Bir diğer sebep de mobbing (bezdirme) konusudur. Özellikle cerrahi branşlardaki neredeyse askeri disipline yaklaşan ast-üst ilişkisi son yıllarda hem dava sayısını hem de intihar vakalarını arttırmıştır. Sağlıkta dönüşüm öncesinde mobbinge maruz kalmada güvenlik ve eğitim sektörlerinin arkasında üçüncü sırada kalıyor sağlık sektörü. Ama 2017 verileriyle birinci sıraya yükselmiş durumda. 2010-2015 yılları arasında mobbing iddiası içeren 221 dava açılmıştır. Güncel verilere ulaşmadığım için eldeki tek veri bu. İş ortamı son derece huzursuz ve saygı yoksunu olmaya başlamış, geleneksel Türk örf adeti dışına çıkılmış ast üste saygı, üst asta sevgi göstermeyi unutmuştur. Usta çırak ilişkisinin çok önemli olan tıp eğitiminde bu halkanın kopması gerek eğitimi, gerekse sağlık hizmetinin kalitesini olumsuz etkilemiştir.

Çalışma ortamının da doktorun hizmet ürettiği alanlardaki konforu çok ciddi sorun olarak karşımıza çıkmaktadır. Gerek çalışma saatlerinin uzunluğu, gerek dinlenme alanlarının hak edilen konfordan çok uzak olması mesai sırasında yorgunluğu arttırmakta, tolerans ve hizmet kalitesini düşürmektedir. Hiç kimse asık suratla, yorgun bir ifade ile hastasının karşısına çıkmak istemez. Ne yazık ki mevcut şartlarda kronikleşen yorgunluk hasta-doktor çatışmalarının da artmasına neden olmuştur.

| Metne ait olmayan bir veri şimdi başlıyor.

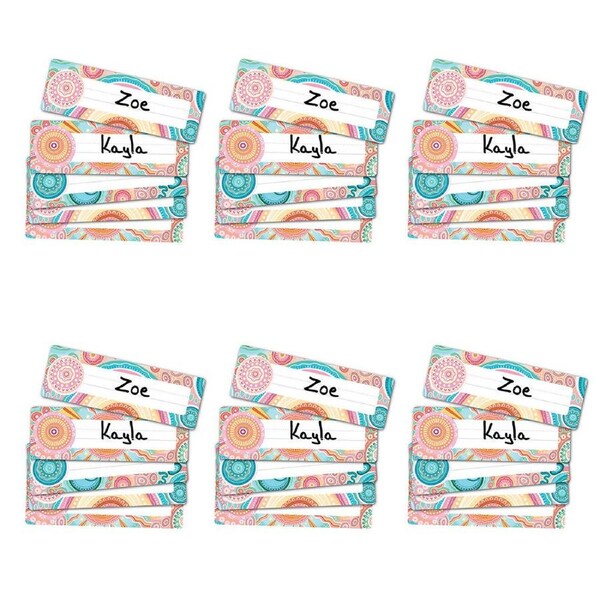 6x 30pc Learning Can Be Fun Sacred Country Adhesive Name Plates 24x8cm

Bir de son yıllarda okumuş kesime artan bir tepkinin körüklenmiş olması, vatandaşın CİMER üzerinde pek çoğu dayanaksız şikayetleri sonucu açılan soruşturmalar, beyaz kod ihbarlarının saldırgan hastalar üzerinde ciddi bir yaptırımının olmaması, doktorların en ufak tepkisine misliyle karşılık veren bir hasta grubunun oluşmasına yol açmış, bu kadar emek yoğun ve stresli bir ortamda üretilen sağlık hizmetinin de her geçen gün kalitesini bozmuştur. Bu kısır döngü ne yazık ki elma ile armudu karıştırmayan hekimleri de meslek icraatından soğutmuştur.

Bir diğer konuda maaşların düşüklüğüdür. Türkiye’de pratisyen hekim maaşları veya asistan hekim maaşları 35-45.000 TL arasında değişmektedir. Bu gelir ile kendine ait bir ev sahibi olmak, bir araba almak hayal bile edilemez. Kiraların 15-20 bin TL civarında olduğu, kreşlerin aylık 10-15 bin TL orta öğretimin aylık 20.000 TL olduğu günümüzde en üst eğitimi almış hekimlerin aileleri sıradan insani gereksinimlere ulaşmaz durumdadır.

Avrupa’da 25 ülke uzman doktor gelirlerine bakacak olursak 33.000 Avro gelirle 21. Sıradadır. Lüksemburg’da 258.000 avro, İrlanda’da 172.000, Almanya 146.000, İngiltere 136.000 Avro gibi maaşları alırken ev, araba, çocukların eğitimi gibi basit temel haklar Türkiye’den çok daha ulaşılabilirdir. Pratisyen maaşlarına bakınca ilk sırada İzlanda 144.000 Avro, Hollanda 111.000, İngiltere 73.000 İspanya 69.000, Türkiye ise 22.000 Avro ile yine en sonlarda yer almaktadır. Doktor maaşlarının satın alma gücü bakımında ilk sırada Almanya, Hollanda, İrlanda, İngiltere, Danimarka ilk 5 ülkedir.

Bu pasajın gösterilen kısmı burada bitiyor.